Samantha Jones

Sam's Notebook

Samantha Jones is associate editor for Carroll County Newspapers. Her email address is CCNNews@cox-internet.com

New beginning

Tuesday, October 27, 2015

On this day two years ago, my life changed forever. I didn't think it was a huge change at the time. My nearly four-year relationship had run its course, and my then-boyfriend and I broke up amicably.

Lots of things led to our breakup. He was disgustingly messy; I prefer order and cleanliness. He had thousands of dollars in debt; I didn't think I could handle a long-term relationship with someone who couldn't manage money properly. We didn't live together, but I knew his cleanliness and spending habits would cause serious problems between us if we did.

There were other seemingly less important reasons, like how he ate so fast I never got my fair share of cheese dip at Mexican restaurants or how he insisted that he was more worldly and intelligent than me because he was a few years older. I thought those were just little quirks, but now I know that behavior was unacceptable.

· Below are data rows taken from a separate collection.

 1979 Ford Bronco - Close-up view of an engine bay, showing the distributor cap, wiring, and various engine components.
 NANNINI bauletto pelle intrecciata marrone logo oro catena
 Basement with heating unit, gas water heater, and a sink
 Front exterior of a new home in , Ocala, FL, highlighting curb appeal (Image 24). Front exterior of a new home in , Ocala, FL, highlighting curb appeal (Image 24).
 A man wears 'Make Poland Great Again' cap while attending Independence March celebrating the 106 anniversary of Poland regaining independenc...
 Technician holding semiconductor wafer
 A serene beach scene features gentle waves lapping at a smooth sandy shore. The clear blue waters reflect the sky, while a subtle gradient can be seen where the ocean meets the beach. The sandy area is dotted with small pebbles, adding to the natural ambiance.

I didn't realize that until months after we'd broken up. I had started dating my boyfriend Gideon and spoke with his mother about how her husband was abusive toward her and the children. As she described how her husband treated her, I realized that my ex-boyfriend's quirks were actually small acts of aggression.

When he took more than his fair share of cheese dip, he was telling me that he was more important than I was. I had asked him several times to slow down and save some for me, but he never did. He'd tell me it was my fault for not eating fast enough.

He followed the same logic when insulting my intelligence. Before I met him, I cherished my intelligence. I didn't have any problem bragging about how well I did in school or how much I loved to write. He changed all that. From the moment we started dating, he told me that I may have done well in high school but that didn't mean I was as smart as he was.

"You have more generalized knowledge. I've studied one subject in detail," he told me.

I performed better than he did when I started college, prompting him to tell me he would have done better if he hadn't taken Japanese classes his freshman year. He was still smarter than me, he insisted. It didn't mean anything, he told me, that I got better grades than him and higher praise from professors than he did.

He continued to demean my spirit for more than three years, but he did it so subtly that I didn't notice when it was happening. He figured out what upset me and waited until I had a big test to take or a big event to attend to press those buttons. He manipulated me so masterfully, and I'm ashamed I let him do that.

I'd be even more ashamed of myself if I weren't speaking out about it now. Now I know he didn't have the self-esteem he claimed; because of his low self-worth, he felt the need to lower mine. He had to bring me to his level to feel in control of the situation. He had to beat me down to raise himself up.

Today, I have been free of him for two years. Even better, I've been dating a wonderful person who tells me daily how intelligent and articulate and valued I am. I don't advise it, but there's nothing like being in an abusive relationship to make you cherish a healthy relationship.

Though I'm not happy I was in abusive relationship, I am happy that I've risen above it. I am happy that I've reclaimed the relationships with family and friends I lost while dating my ex-boyfriend. I'm a strong person now, and I'm using my voice to help others find their own strength.

If the person you're with doesn't validate your worth, you deserve better. If your partner doesn't respect you enough to split the nacho plate in half, maybe you should find someone else who will. Don't let anybody tell you that you aren't good enough, because you are.

On this day two years ago, my life changed forever. I'm so happy it did.